Osaka also became the first Japanese woman to win a Grand Slam final after her 6-2, 6-4 triumph in Arthur Ashe Stadium at the USTA Billie Jean King National Tennis Center.
Williams had a meltdown late in the second set after being assessed for multiple violations. The 23-time Grand Slam champion was given a warning for coaching after chair umpire Carlos Ramos spotted coach Patrick Mouratoglou communicating with Williams. The tennis superstar then approached Ramos to deny being coached or cheating.
“I’m telling you right now, I don’t cheat to win. I’d rather lose,” Williams told Ramos.
Williams proceeded to win the next point to tie Osaka 1-1 in the set. Williams had consecutive double faults later in the set and smashed her racquet on the court. Ramos gave Williams a code violation warning for the outburst, which resulted in a point penalty due to her previous violation. She started the next game down 15-0. Williams again approached Ramos and demanded an apology. Osaka went on to take a 4-3 advantage in the set after Williams’ rant.
But Serena wasn’t finished with Ramos. She walked toward his chair once again when she was switching sides with Osaka.
“For you to attack my character is wrong,” Williams said. “You owe me an apology. You will never be on a court with me as long as you live. You are the liar.
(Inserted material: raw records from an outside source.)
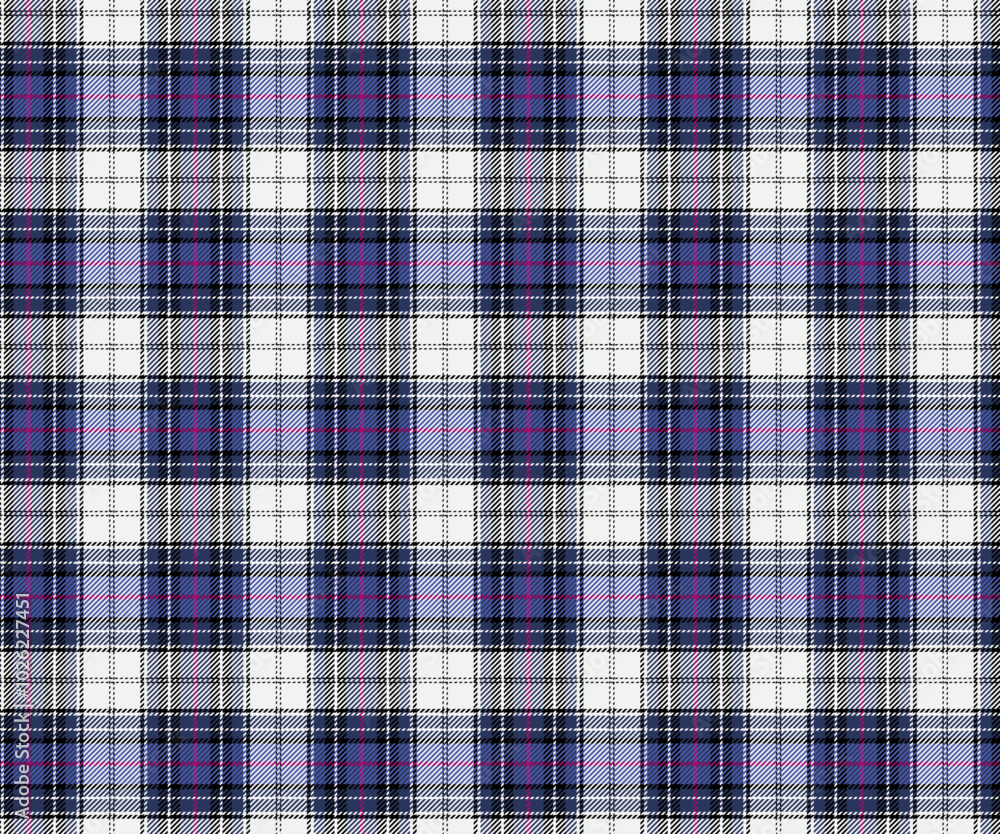 Fototapeta premium Plaid fabric pattern, white, blue, black, pink seamless for textiles, and for designing clothes, skirts or decorative fabrics. Vector illustration.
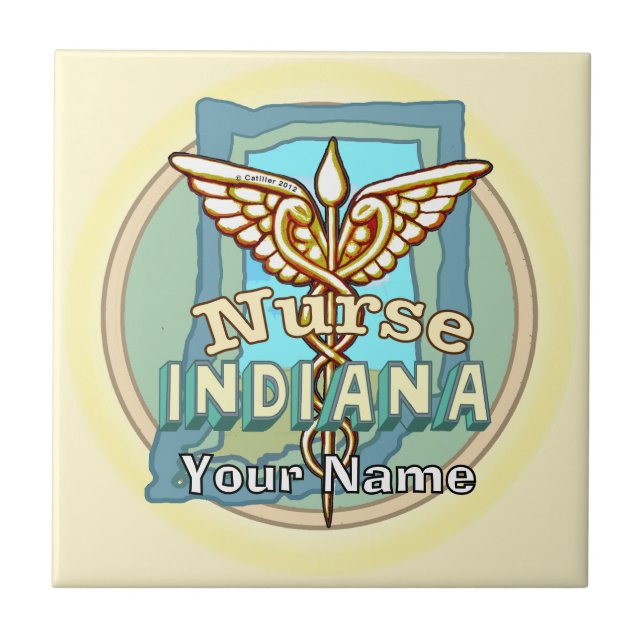 Indiana Sjuksköterska Caduceus  Kakelplatta (Framsidan)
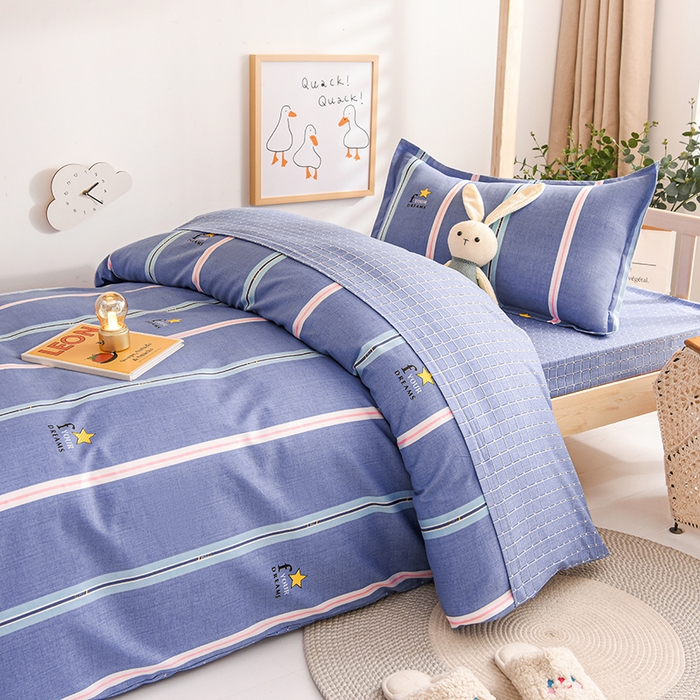 91家纺网 家纺一手货源 找家纺 鑫宇 2025全棉13372床单款印花学生三件套 星梦条纹-灰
You owe me an apology. Say it. Say you’re sorry.”
“How dare you insinuate that I was cheating? You stole a point from me. You’re a thief too.”
Osaka was given a service game after that exchange, giving her a 5-3 edge. Williams fought back for another point but was in tears following her conversation with Ramos.
Osaka closed out the match with a service winner.
Williams refused to shake Ramos’ hand at the conclusion of the match. She embraced Osaka after taking the loss.
On Sunday, the tournament referee’s office docked Williams $10,000 for “verbal abuse” of Ramos, $4,000 for being warned for coaching and $3,000 for breaking her racket.
Williams began the final by taking a 1-0 advantage, before dropping five consecutive points to Osaka in the first set. She also took a 1-0 lead in the first set, and eventually pushed that lead to 3-1, before Osaka stormed back to win the match.
Osaka had six aces compared to Williams’ three aces in the final. Williams also had six double faults, while Osaka had just one.
The U.S. Open champion stood in tears on the stage during the trophy presentation. Williams attempted to comfort Osaka before addressing the booing crowd.
“I just want to tell you guys, she’s played well and this is her first Grand Slam,” Williams said. “I know you guys were here rooting and I was rooting too but let’s make this the best moment we can and we’ll get through it. Let’s give everyone the credit where credit is due.”
Osaka rejected a question regarding Williams before holding up her trophy.
“I know that everyone was cheering for her and I’m sorry it had to end like this,” Osaka said. “I just want to say thank you for watching the match.”